D. Michael Lindsay's Faith in the Halls of Power has received some admiring attention lately, including this review in Christianity Today, which notes that "from Hollywood to Harvard, evangelical elites are consistently less culture warriors than culture shapers." It sounds like a useful and quick read for the holiday season.

Today's New York Times Book Review features a partially contrarian review by Alan Wolfe. Wolfe gives Lindsay due credit for his extensive interviewing and his work at introducing a multi-faceted view of evangelicals to a readership likely beholden to a more simplistic view. Nonetheless, Wolfe challenges the author to interrogate his subjects more than he does. An excerpt:

Lindsay conducted 360 interviews in all, including one with Michael Gerson in 2005. “Christianity is not just a statement about personal piety,” Gerson told him; “it’s a statement about social justice.” It is, I guess, a worthwhile sentiment, not so much for what it says — don’t we all profess to believe in social justice? — but because the person who said it worked for a president singularly intent on cutting taxes to redistribute income to America’s wealthiest.
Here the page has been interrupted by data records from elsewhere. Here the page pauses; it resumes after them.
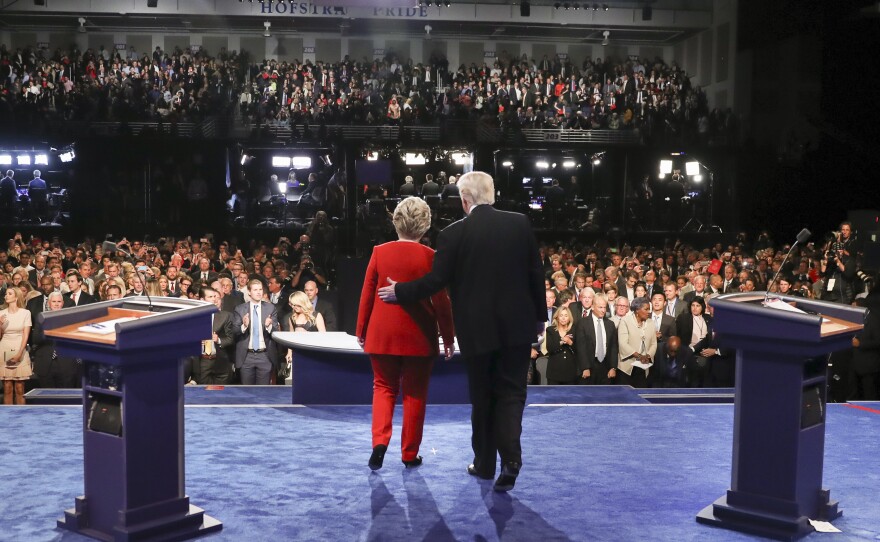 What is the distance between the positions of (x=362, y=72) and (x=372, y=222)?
26.0 feet

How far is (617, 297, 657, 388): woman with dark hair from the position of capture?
8.54m

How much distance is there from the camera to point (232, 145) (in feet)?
65.8

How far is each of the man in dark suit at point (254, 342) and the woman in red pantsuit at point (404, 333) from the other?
3813 mm

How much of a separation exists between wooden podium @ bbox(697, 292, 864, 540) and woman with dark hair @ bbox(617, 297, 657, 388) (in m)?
4.64

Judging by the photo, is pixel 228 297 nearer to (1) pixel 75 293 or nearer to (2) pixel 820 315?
(1) pixel 75 293

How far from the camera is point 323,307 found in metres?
8.81

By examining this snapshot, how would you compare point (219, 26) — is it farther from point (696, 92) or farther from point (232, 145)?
point (696, 92)

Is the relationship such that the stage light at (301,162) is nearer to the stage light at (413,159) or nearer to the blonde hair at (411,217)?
the stage light at (413,159)

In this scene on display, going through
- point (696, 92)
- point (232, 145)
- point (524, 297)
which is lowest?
point (524, 297)

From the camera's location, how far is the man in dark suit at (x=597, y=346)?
27.6ft

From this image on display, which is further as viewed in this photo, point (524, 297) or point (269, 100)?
point (269, 100)

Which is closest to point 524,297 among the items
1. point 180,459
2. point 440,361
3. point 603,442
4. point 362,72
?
point 603,442

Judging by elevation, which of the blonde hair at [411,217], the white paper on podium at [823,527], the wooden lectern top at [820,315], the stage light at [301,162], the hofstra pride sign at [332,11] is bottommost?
the white paper on podium at [823,527]

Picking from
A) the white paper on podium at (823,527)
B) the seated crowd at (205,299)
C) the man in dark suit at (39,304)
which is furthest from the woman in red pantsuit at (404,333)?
A: the man in dark suit at (39,304) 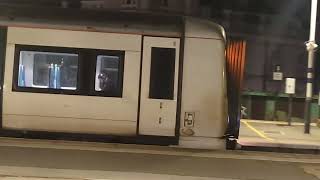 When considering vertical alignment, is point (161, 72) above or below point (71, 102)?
above

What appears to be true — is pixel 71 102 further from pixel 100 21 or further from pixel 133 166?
pixel 133 166

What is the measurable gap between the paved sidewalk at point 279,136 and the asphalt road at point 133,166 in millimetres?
4486

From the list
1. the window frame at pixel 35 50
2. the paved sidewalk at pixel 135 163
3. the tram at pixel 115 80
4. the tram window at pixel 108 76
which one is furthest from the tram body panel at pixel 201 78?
the window frame at pixel 35 50

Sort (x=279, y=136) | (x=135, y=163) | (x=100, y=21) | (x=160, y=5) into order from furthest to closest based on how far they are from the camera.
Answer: (x=160, y=5), (x=279, y=136), (x=100, y=21), (x=135, y=163)

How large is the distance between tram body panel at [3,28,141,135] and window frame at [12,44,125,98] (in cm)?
7

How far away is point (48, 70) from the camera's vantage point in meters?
12.3

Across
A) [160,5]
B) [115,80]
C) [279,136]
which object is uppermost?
[160,5]

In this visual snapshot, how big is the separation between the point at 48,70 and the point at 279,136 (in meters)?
8.85

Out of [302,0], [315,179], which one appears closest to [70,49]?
[315,179]

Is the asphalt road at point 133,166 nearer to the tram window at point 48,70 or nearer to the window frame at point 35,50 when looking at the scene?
the window frame at point 35,50

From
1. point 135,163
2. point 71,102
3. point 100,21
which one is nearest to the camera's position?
point 135,163

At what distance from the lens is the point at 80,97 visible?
12.3m

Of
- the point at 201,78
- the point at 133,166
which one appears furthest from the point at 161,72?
the point at 133,166

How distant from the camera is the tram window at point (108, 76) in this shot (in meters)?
12.2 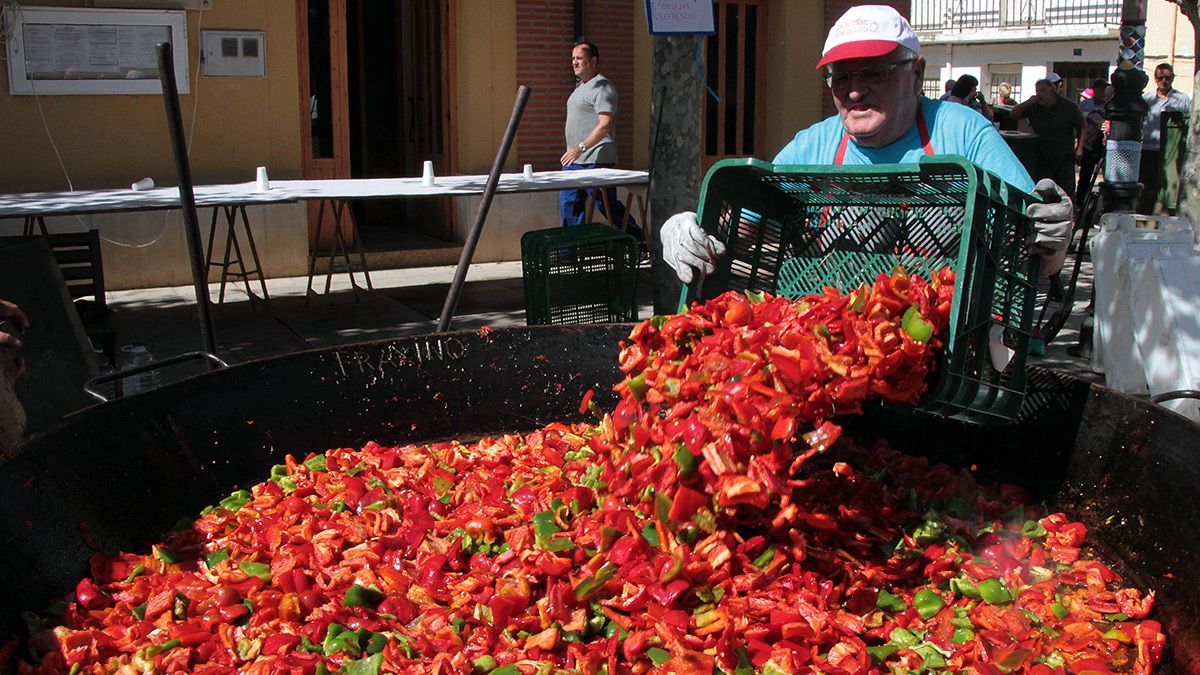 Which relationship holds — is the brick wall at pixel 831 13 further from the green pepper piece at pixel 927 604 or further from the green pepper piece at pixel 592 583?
the green pepper piece at pixel 592 583

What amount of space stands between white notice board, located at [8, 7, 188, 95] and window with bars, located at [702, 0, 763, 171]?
610 cm

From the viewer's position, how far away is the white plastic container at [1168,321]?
6.70 metres

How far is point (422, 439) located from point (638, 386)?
1.48 m

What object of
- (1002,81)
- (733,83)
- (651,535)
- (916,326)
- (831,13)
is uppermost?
(1002,81)

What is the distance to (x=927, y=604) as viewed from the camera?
3275mm

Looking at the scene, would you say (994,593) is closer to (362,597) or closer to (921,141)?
(921,141)

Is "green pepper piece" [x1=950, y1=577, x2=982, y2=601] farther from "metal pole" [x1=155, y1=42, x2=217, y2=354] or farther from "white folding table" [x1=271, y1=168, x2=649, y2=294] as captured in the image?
"white folding table" [x1=271, y1=168, x2=649, y2=294]

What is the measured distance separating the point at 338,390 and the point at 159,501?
845mm

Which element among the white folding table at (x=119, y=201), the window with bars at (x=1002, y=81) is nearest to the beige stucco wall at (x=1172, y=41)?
the window with bars at (x=1002, y=81)

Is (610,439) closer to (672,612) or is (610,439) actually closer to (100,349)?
(672,612)

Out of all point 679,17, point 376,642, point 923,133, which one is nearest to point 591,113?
point 679,17

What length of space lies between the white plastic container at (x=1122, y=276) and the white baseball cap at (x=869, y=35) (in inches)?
169

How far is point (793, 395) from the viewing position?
307 centimetres

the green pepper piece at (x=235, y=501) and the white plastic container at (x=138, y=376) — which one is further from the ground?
the green pepper piece at (x=235, y=501) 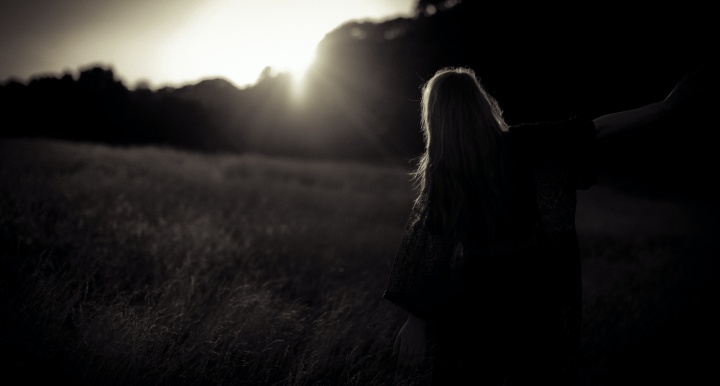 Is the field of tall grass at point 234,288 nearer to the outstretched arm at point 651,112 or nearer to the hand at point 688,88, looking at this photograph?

It would be interesting to know how Gerson reconciled his faith with the priorities of his party. But don’t look to Lindsay’s book for an answer.

I haven't read this volume, but I also haven't heard much serious analysis coming from evangelicals (apart from a few of the usual suspects, Sojourners et al) about the wielding of economic power in our new culture of market uber alles, so I'm certainly sympathetic to Wolfe's point there. Time for some good evangelical populism, a la William Jennings Bryan? I'm not waiting with baited breath.